The Horsefly Project, as it’s called, consists of 20,600 acres located in the Little Belt Mountains, 12 miles north of White Sulphur Springs. The project was scheduled to take just a little more than 20 years, and includes harvesting, thinning, prescribed burning as well as aspen and meadow restoration.
DeSoto found that the Forest Service’s lack of monitoring the goshawk population violated the National Forest Management Act as well as the National Environmental Protection Act. The Forest Service said that the Horsefly Project would not affect the goshawk nesting territories, but DeSoto found officials had data showing the population was declining and that the project would likely harm the species. It had failed to include that information in its assessment.
Federal law requires the Forest Service to monitor nesting territories for the goshawk on an annual basis because they are a “management indicator species” for old-growth forests. Furthermore, if the goshawk population falls by more than 10%, it would indicate more research and study is needed.
The Horsefly project called for logging more than 5,000 acres of goshawk nesting habitat and burning 2,300 acres of goshawk habitat.
However, records obtained by the environmental groups show that active goshawk nests in the area dropped from 38 in 2016 to eight in 2019, but that “was not disclosed to the public,” the court found.
Both DeSoto and Christensen found that the Forest Service not only failed to disclose the fact to the public, but then did not consider it in the project analysis, which violated federal laws.
Christensen affirmed DeSoto’s decision to enjoin, or stop, the project and send it back to the Forest Service with the instructions to evaluate the project with goshawk data included, which could limit the scope of the logging project or stop it altogether.
“The project must be remanded so that the Forest Service can cure the NEPA violation through a supplemental environmental assessment or an environmental impact statement,” Christensen said in his order released on Thursday.
The coalition of groups raising the issues with the court also had other concerns, including questioning whether the logging project interfered with endangered grizzly bears or created too many roads, which would disturb the elk population.
However, the court dismissed those parts of the case, ruling that the Forest Service had properly considered road closures, road building and road “obliteration” after the project. The court also found that the Fish and Wildlife Service concluded that “it is extremely unlikely that a grizzly bear would be in the action area, and even less likely to be in the smaller project implementation area.”
“We follow the law every day, and the Forest Service must also follow the law. When a government agency violates the law, it must be held accountable in court.
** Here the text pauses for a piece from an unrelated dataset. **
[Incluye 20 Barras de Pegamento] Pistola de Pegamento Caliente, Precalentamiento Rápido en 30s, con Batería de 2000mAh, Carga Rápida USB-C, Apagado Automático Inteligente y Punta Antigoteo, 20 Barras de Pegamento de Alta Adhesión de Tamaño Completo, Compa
It’s not easy to fight the federal government, which has far more resources than we do, but nonetheless we are committed to making the government follow its own laws to protect our native wildlife and public land ecosystems,” said Michael Garrity of the Alliance for the Wild Rockies, which was one of two groups challenging the federal government. “Despite attacks by politicians, intimidation tactics, and misinformation campaigns, we will continue with this critical work.”